(Lou Brooks)
No romance folhetim ou na novela de televisão esta exclamação surge de maneira recorrente. Ao ver ou ouvir algo, ao ler uma jotícia de jornal ou abrir uma carta, o personagem exclama estupefato: “Mas não é possível!”. Algo surpreendente acaba de lhe suceder, algo que ele jamais imaginou que sucedesse, e agora virou um fato concreto, ali, diante dos seus olhos. O folhetim tem baixa imunidade para com o vírus da surpresa, do inacreditável, do imprevisto. Todos sabemos que em toda telenovela existe o “núcleo rico” (tipicamente uma família dona de uma grande empresa e cheia de ramificações, muitos filhos, cônjuges, ex-cônjuges, netos, etc.), o “núcleo pobre” (empregados e suas famílias; vizinhos; amigos suburbanos), o “núcleo jovem” (tem que ter uma turma de adolescentes, para atrair essa faixa da audiência), às vezes um “núcleo rural” (quando há fazendas envolvidas), etc. O que é normal num desses universos é às vezes impossível em outros. E haja gente de olhos arregalados e queixo caído.
Quem diz muitas cabeças diz muitas sentenças, porque todos nós vivemos em mundinhos particulares de crenças, opiniões e paradigmas. E a vida nos obriga a viver esbarrando em pessoas de crenças e paradigmas totalmente diversos. Mundos em colisão, como dizia Velikovsky, o apocalíptico. Quem está se abalroando não são planetas, são estilos de vida.

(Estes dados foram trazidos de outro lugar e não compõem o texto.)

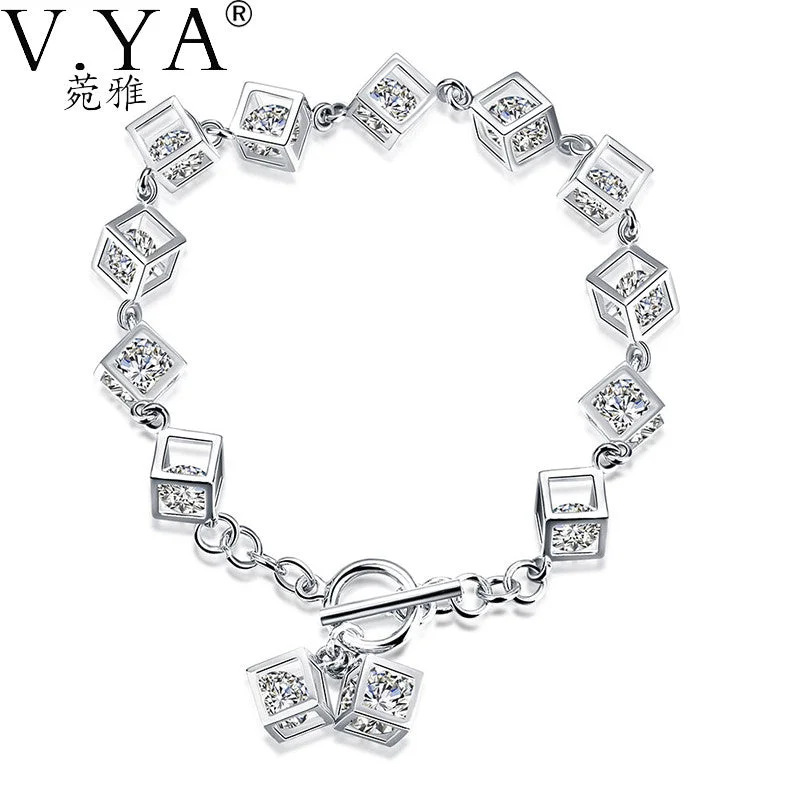 women leather bracelets -VYA 100% Real 925 Sterling Silver Bracelet for Women Jewerly S925 Silver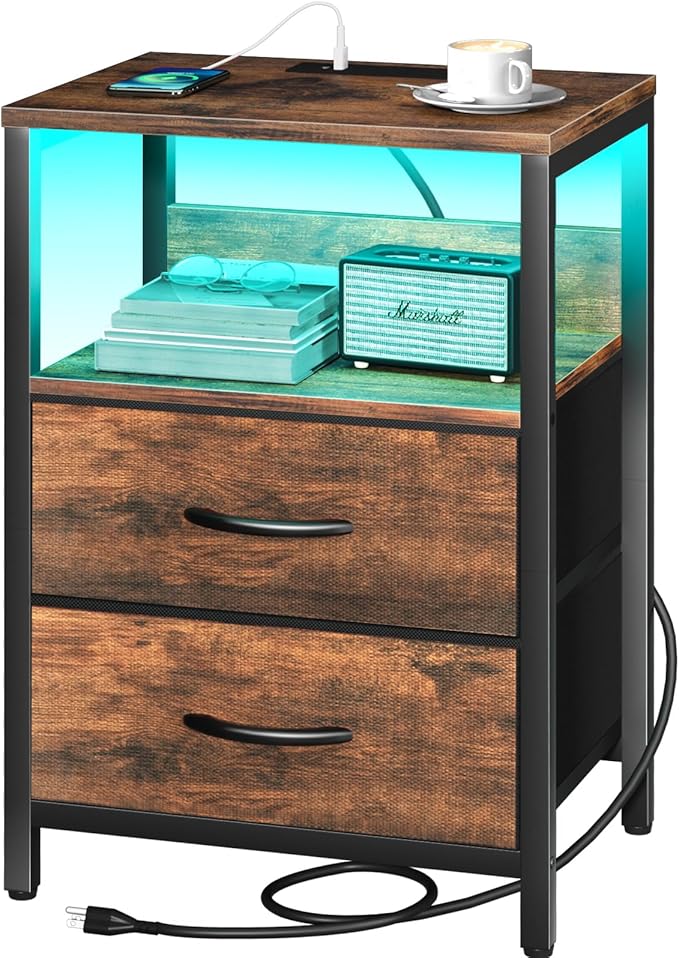 Yoobure Nightstand with Charging Station, LED Night Stand with Fabric Drawers by Yoobure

“Mas não é possível!”, exclama a advogada chique, ao ver a filha adolescente trazer para dentro de casa um namorado que é a cara de Neymar do Santos. “Mas não é possível!” exclama o torneiro mecânico ao ver no Jornal Nacional a notícia de que a indústria onde trabalha foi vendida para os chineses e vai demitir 2 mil trabalhadores. “Mas não é possível!” reage com pasmo o aposentado quando o gerente do Banco lhe informa que alguém usou seu cartão e limpou suas economias. Para todos esses personagens, o mundo se rasgou numa costura que jamais será refeita. O equilíbrio do Universo sofreu um certo abalo, e talvez nunca mais retorne.
Achamos que algo não é possível, em geral, porque avaliamos mal o caráter de outras pessoas, não calculamos do que ela são capazes. Folhetins e telenovelas estão cheias de lobos em pele de cordeiro, de heróis que se transformam em vilões ou vice-versa, de personagens insípidos que num momento de crise revelam recursos insuspeitados. Um velho preceito dos roteiristas de cinema ensina que um personagem deve ser suficientemente complexo para poder nos surpreender, mas suficientemente coerente para que essa surpresa, um segundo depois, seja aceita pelo público. A surpresa não pode ser gratuita, não pode ser extraída do nada. A reviravolta, quando acontece, já deve estar plantada desde antes, para que o leitor possa voltar atrás, reler certos detalhes, como tantas vezes ocorre no romance policial, e reconhecer: “É, tem razão, havia algumas pistas. Parecia impossível, mas estava ali, o tempo todo”.